TwinArcher Brew Pub serves all ages as a restaurant and a bar that serves craft beer.  The menu includes fresh ingredients every day.  The event is free and open to the public, and the map exhibit is in the western room next to the dining room.  (No purchase is required to attend the exhibit).

For more information, please contact the GRMC at 765-285-1097.

Thursday, October 12, 2017

Art of Cartography Presentation at Cornerstone Center for the Arts

Libby Vanderploeg

Burris Elementary School map of Muncie

Hannah Barnes 2015 art exhibit at University Libraries

First Thursday Arts Walk at Twin Archer, December 2016

Getting Carto-GRAPHIC: Art Maps Program in Downtown Muncie

The Ball State University Libraries GIS Research and Map Collection (GRMC) will provide a workshop featuring maps created as works of art.  The program will be in the Colonnade Room at the Cornerstone Center for the Arts (520 East Main Street) on Tuesday, October 17 from 6:30 to 7:30.

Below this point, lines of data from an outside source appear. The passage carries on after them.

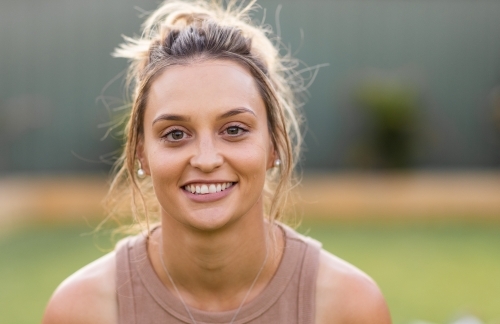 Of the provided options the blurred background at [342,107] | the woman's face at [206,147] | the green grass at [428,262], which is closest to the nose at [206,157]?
the woman's face at [206,147]

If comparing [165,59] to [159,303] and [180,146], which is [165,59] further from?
[159,303]

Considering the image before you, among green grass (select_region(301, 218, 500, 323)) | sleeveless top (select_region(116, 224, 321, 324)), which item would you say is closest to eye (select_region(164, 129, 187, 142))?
sleeveless top (select_region(116, 224, 321, 324))

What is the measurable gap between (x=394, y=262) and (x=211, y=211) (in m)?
4.65

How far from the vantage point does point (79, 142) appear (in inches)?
384

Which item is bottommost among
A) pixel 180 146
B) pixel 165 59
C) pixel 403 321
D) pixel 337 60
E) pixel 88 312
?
pixel 403 321

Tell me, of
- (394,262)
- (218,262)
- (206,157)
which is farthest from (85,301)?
(394,262)

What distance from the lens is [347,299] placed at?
2.81 m

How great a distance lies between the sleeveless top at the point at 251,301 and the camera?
279 cm

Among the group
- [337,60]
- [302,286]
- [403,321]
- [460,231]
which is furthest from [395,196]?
[302,286]

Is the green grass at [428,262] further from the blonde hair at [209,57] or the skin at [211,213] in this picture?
the blonde hair at [209,57]

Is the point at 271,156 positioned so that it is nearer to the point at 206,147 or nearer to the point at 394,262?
the point at 206,147

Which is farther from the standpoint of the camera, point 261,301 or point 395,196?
point 395,196

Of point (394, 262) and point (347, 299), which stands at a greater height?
point (347, 299)

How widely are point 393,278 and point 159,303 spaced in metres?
3.94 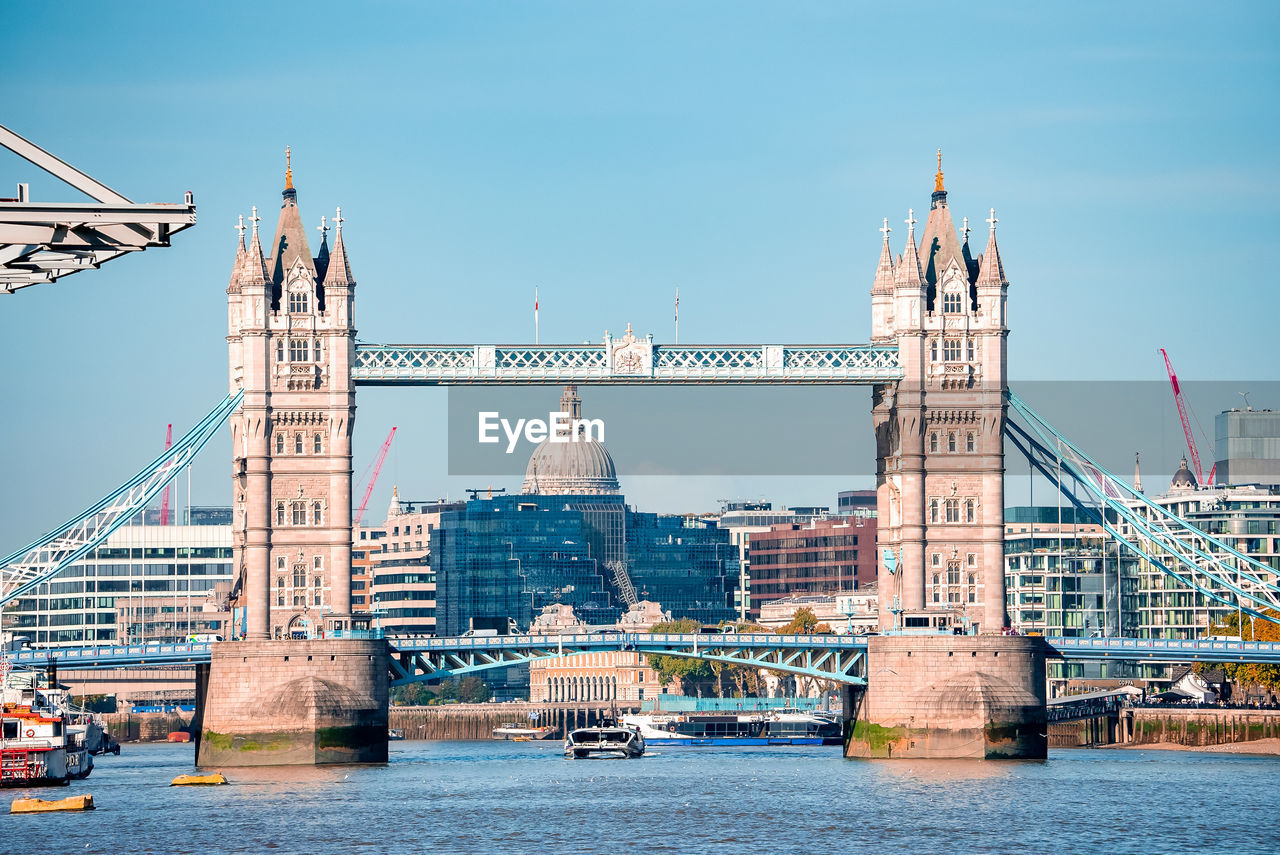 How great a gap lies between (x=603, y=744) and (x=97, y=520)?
3522 centimetres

The program will include maps created by artists who specialize in creating cartographic works, including Martin Haake, Lucy Letherland, and Libby Vanderploeg (above).  And maps submitted to the Instagram “They Draw and Travel” account and books series will also be presented.  Books detailing the art of cartography from the Libraries’ collection will also be available.

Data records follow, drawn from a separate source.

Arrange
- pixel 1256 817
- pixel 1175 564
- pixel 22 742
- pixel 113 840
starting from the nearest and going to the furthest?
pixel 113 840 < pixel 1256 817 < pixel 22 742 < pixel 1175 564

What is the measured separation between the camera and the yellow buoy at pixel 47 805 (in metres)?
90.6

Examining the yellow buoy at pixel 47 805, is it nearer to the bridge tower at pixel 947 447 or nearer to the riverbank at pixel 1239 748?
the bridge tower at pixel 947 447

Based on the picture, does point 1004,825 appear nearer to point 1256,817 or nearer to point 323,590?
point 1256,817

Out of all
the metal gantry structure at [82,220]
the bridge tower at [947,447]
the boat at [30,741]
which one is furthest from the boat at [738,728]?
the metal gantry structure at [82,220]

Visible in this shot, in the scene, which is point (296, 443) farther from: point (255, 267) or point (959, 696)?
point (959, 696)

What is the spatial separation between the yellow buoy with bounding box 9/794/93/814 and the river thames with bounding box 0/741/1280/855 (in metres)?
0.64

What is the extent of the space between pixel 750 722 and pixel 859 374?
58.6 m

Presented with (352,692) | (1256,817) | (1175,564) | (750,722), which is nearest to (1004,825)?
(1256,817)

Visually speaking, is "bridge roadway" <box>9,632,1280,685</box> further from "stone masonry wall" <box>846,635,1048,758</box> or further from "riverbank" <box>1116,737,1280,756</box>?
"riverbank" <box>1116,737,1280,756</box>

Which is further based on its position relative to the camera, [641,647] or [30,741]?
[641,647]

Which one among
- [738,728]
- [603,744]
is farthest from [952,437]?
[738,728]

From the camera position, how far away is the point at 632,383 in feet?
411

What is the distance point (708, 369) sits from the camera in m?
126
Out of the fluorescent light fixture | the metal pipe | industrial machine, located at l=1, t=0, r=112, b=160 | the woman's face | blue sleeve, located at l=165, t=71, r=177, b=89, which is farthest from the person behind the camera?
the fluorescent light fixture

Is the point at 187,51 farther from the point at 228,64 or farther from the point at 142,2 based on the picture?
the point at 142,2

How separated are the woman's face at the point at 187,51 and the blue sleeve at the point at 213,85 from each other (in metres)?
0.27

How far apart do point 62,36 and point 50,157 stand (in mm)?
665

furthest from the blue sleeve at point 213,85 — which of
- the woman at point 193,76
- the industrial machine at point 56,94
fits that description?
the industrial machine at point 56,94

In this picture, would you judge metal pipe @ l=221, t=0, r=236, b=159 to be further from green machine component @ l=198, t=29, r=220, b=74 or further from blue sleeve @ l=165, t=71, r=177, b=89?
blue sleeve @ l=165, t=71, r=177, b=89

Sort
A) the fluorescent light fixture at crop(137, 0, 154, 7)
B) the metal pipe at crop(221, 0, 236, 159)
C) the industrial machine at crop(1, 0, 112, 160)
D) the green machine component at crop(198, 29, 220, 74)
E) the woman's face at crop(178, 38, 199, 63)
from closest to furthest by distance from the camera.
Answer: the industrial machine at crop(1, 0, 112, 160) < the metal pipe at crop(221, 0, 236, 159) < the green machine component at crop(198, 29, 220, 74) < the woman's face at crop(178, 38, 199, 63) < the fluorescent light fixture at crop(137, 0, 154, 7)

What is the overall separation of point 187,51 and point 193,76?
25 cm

Art students from Burris School created hand-drawn maps (above, click to enlarge) that will be presented in the program.  In December 2016, the GRMC coordinated a First Thursday Arts Walk maps exhibit called “Home.”  Students from Ball State University professors Hannah Barnes’ watercolor and Jorn Seemann’s cartography class created maps for the special show.  (The watercolor maps are included in a special collection in the Libraries’ DigitalMedia Repository).  These maps will be presented at the program, and attendees will get a sneak peek at some of the maps being created for another First Thursday exhibit on November 2.

The program will also include information about how to create maps using online resources and design software.  And attendees can learn about creating their own cartographic works that can be donated to the Libraries’ collection of maps or displayed as art.